Misleading democracy

The comments so far on my post about the National Performing Arts Convention — have been mostly very heartening. As is one private e-mai, which I hope to be able to share. The comments are well worth reading.

One point that emerges from the comments is how silly it is — to put this in plain English — to assemble a group of well-meaning amateurs and ask them to solve a serious problem that needs the attention of professionals. Of course I mean amateurs in politics, promotion, and the planning of strategic campaigns. The democratic impulse here is well-meaning, but — in my view — terribly misguided. If the arts aren’t getting enough attention, locally and nationally, how can we fix that? Well, you might start by talking to people who deal with that kind of problem every day — people, for instance, in politics, advertising, marketing. If you assemble a group of people without professional experience in those areas, most of the suggestions you get will very likely not be useful. Or, as some of the commenters pointed out, you’ll get suggestions that have been made many times before. i’m not saying that amateurs might come up with something really workable that professionals would never think of, but if all we’ve got is amateurs making suggestions, we won’t even know when that happens!

Case in point: the most popular answer (see the NPAC blog for full details) to the question, “What should we do about arts advocacy and communicating our value at the NATIONAL level?” (Caps in the original.). The most popular answer — by far — was:

Create a Department of Culture/Cabinet-level position which is responsible for implementing a national arts policy.

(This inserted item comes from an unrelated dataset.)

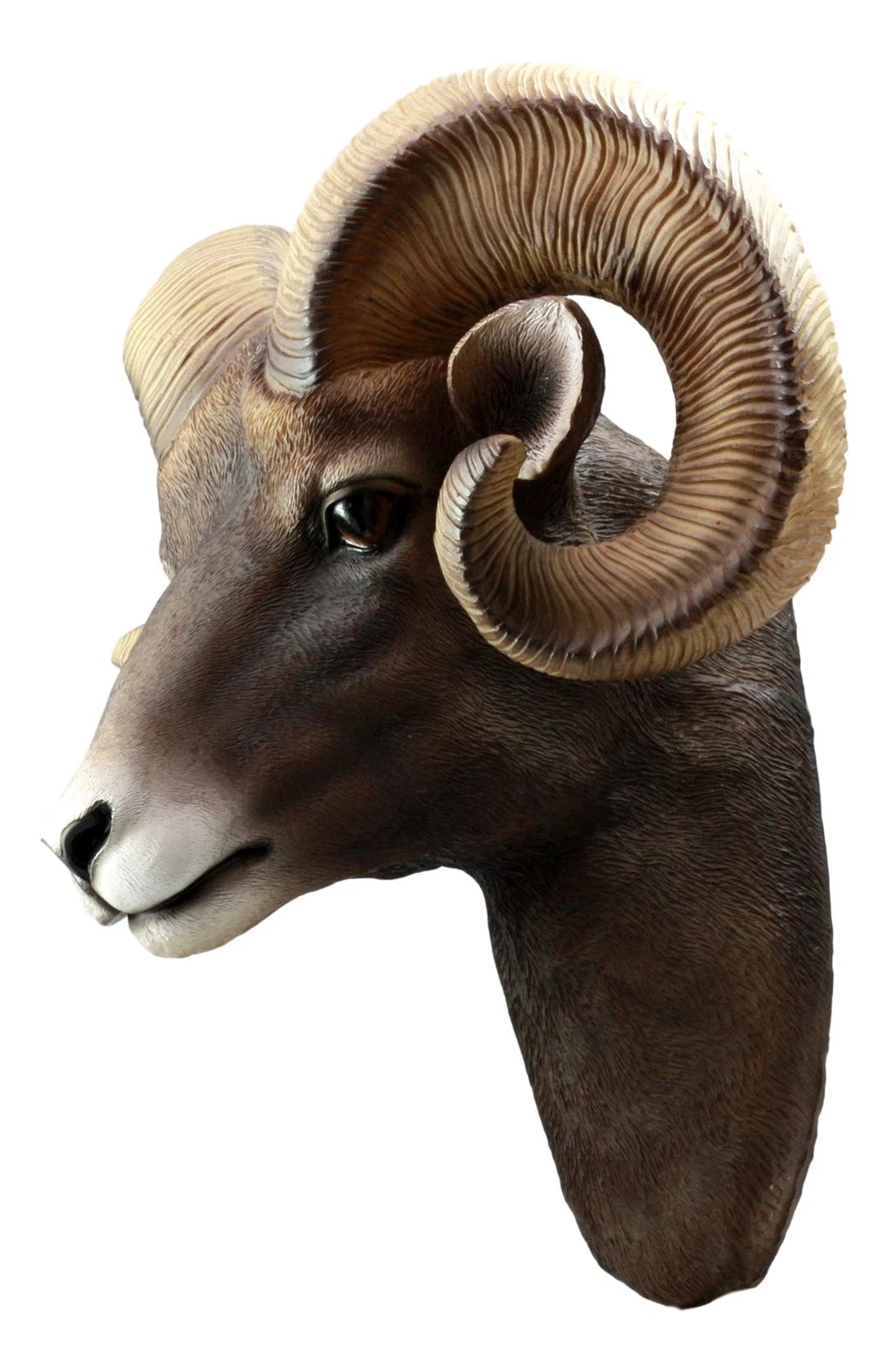 Rocky Mountains Bighorn Ram Trophy Taxidermy Wall Decor Sculpture Hanging Plaque-3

But this is just silly. Yes, I know that some European countries, maybe many, have ministers of culture in their governments. But what would it take to create one here? Some kind of national upsurge in support of the arts. No president is going to support this innovation just because a convention of happy enthusiasts in Denver proposed it. And no Congress is going to pass legislation creating the post, just because people at NPAC think they should.

Once you understand that, the proposal turns out to be self-contradictory. But that can’t happen until the arts get the support they’re not getting now! The proposed solution couldn’t be implemented unless there wasn’t any problem in the first place.

Please note! I’m not saying it might not be possible to build a political movement to support the arts. I think it’s unlikely, but I could be wrong. The mistake, though, is to make the cabinet-level arts department a priority now, when you have to create the movement before any such thing would be possible.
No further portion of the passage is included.